— WORKING DATA —
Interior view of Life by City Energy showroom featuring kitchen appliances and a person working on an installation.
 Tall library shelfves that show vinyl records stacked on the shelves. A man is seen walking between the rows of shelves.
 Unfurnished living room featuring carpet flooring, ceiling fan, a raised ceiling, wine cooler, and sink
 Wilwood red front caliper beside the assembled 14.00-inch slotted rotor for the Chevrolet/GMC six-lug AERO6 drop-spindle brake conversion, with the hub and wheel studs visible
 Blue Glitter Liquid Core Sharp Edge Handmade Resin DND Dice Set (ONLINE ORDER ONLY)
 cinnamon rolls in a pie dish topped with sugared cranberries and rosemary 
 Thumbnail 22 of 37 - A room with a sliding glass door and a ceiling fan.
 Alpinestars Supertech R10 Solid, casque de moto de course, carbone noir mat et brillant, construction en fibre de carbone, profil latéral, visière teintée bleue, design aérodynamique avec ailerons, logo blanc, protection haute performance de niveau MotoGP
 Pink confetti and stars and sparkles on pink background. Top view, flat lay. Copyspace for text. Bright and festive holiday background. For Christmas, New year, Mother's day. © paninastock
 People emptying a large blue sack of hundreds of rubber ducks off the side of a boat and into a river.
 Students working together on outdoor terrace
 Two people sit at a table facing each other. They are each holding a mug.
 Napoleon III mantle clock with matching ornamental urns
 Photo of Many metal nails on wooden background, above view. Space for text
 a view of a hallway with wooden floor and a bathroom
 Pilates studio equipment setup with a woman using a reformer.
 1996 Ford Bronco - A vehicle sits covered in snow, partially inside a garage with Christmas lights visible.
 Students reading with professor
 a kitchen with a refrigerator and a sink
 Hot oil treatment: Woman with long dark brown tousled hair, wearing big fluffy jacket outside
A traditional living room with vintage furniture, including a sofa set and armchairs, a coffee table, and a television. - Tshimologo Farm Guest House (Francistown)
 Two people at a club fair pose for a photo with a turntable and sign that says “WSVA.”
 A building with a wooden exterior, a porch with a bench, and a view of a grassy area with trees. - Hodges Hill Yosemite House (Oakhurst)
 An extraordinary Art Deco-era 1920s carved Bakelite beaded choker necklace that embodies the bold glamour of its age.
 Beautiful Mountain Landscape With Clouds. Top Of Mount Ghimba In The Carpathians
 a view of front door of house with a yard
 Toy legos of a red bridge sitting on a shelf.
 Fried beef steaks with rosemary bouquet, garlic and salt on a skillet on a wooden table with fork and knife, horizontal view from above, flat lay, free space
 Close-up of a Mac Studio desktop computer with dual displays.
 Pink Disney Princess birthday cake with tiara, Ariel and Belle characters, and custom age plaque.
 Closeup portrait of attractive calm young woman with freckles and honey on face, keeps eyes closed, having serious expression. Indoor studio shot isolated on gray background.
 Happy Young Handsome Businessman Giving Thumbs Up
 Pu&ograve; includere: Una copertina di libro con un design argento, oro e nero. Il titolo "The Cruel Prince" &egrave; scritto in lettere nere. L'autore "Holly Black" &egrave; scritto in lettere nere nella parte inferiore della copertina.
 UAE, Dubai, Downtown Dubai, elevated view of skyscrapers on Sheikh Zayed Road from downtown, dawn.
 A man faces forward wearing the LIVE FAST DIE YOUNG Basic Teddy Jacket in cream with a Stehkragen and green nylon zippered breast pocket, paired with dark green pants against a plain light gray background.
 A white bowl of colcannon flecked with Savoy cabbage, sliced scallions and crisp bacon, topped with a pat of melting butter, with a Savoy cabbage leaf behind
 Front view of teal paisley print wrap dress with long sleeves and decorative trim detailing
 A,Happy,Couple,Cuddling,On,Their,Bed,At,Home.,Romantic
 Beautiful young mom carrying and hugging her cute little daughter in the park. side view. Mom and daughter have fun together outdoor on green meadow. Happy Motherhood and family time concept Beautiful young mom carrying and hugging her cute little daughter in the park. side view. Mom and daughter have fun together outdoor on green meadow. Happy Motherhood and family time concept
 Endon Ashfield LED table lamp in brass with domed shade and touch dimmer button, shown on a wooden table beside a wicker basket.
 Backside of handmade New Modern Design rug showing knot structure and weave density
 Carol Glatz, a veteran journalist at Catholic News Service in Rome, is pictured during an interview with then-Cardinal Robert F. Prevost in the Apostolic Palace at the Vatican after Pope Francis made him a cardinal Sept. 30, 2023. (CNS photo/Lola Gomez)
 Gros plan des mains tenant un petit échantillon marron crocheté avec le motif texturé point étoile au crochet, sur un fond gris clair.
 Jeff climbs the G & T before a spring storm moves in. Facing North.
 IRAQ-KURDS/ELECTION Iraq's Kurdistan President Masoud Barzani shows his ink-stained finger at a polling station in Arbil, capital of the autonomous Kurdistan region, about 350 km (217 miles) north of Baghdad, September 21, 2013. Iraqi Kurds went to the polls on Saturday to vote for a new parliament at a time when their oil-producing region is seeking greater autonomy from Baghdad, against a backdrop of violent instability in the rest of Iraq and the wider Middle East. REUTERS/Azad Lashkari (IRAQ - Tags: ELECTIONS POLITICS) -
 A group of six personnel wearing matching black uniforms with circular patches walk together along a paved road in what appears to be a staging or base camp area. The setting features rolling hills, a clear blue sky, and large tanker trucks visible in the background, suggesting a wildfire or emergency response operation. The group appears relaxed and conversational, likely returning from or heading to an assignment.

— TASK PROMPT —
Copy out every line of the data that includes the word "Pink".

— WRITTEN ANSWER —
 Pink confetti and stars and sparkles on pink background. Top view, flat lay. Copyspace for text. Bright and festive holiday background. For Christmas, New year, Mother's day. © paninastock
 Pink Disney Princess birthday cake with tiara, Ariel and Belle characters, and custom age plaque.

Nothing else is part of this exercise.